### REQUIRED ACTION
Reprint all of the data below exactly as shown and skip every image.
--- AVAILABLE DATA Enclosed Below ---
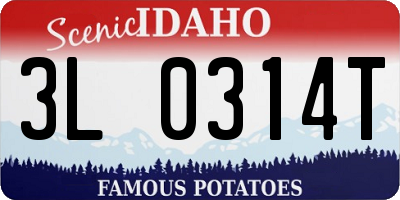 ID license plate 3L0314T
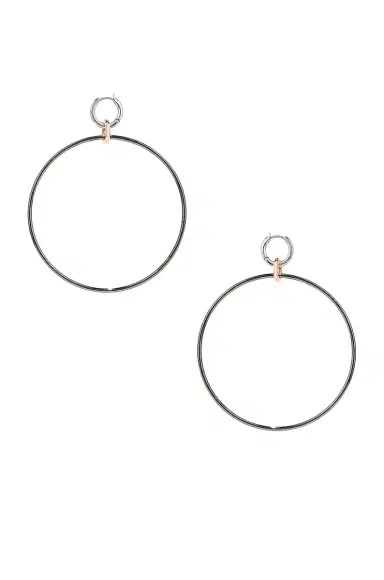 Spinelli Kilcollin Altraire Noir Hoop Earrings | Thumbnail 1 Spinelli Kilcollin Altraire Noir Hoop Earrings | Thumbnail 1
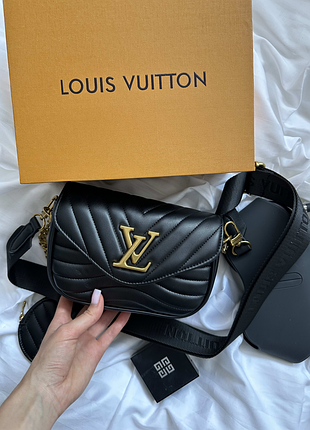 Популярная женская сумка new wave multi pochette bagblack/gold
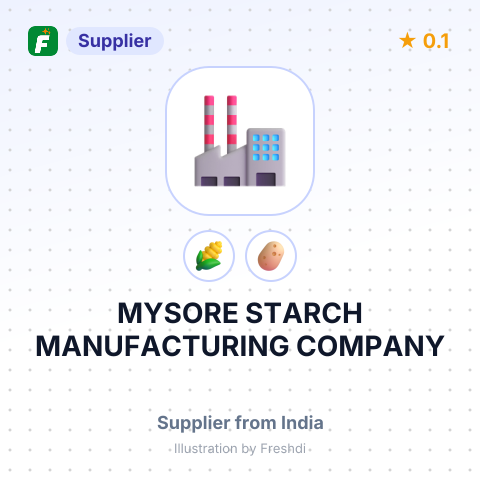 MYSORE STARCH MANUFACTURING COMPANY – summary card, no photo uploaded yet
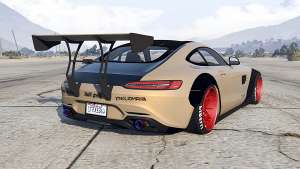 Mercedes-AMG GT for GTA 5 - rear view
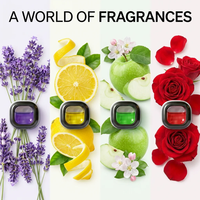Diffuseur d'air frais populaire pour voiture, petit et portable, à clipser sur grille d'aération, en plastique, parfum personnalisé, longue durée, éclairage d'ambiance naturel, élégant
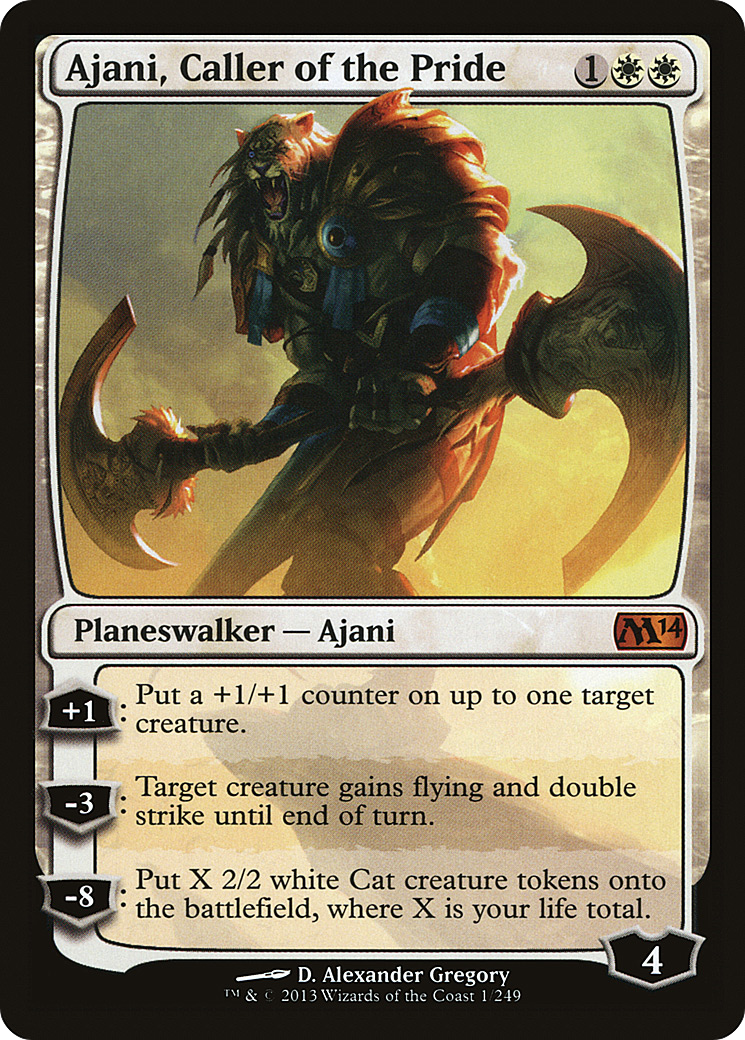 Ajani, Caller of the Pride [Magic 2014] | Silver Goblin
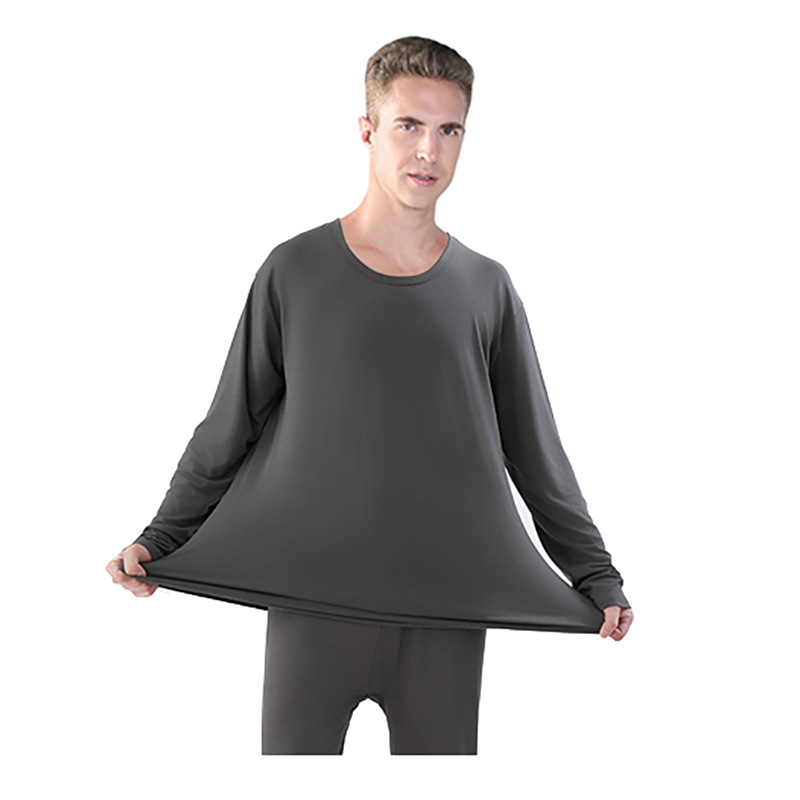 Мъжки термален пижамен костюм едно парче - свободна кройка, еднослойно, вискоза 94,6%, подплата спандекс 5,4%, умерено топло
--- End of Enclosed AVAILABLE DATA ---
### RESPONSE BELOW
 ID license plate 3L0314T
 Spinelli Kilcollin Altraire Noir Hoop Earrings | Thumbnail 1 Spinelli Kilcollin Altraire Noir Hoop Earrings | Thumbnail 1
 Популярная женская сумка new wave multi pochette bagblack/gold
 MYSORE STARCH MANUFACTURING COMPANY – summary card, no photo uploaded yet
 Mercedes-AMG GT for GTA 5 - rear view
Diffuseur d'air frais populaire pour voiture, petit et portable, à clipser sur grille d'aération, en plastique, parfum personnalisé, longue durée, éclairage d'ambiance naturel, élégant
 Ajani, Caller of the Pride [Magic 2014] | Silver Goblin
 Мъжки термален пижамен костюм едно парче - свободна кройка, еднослойно, вискоза 94,6%, подплата спандекс 5,4%, умерено топло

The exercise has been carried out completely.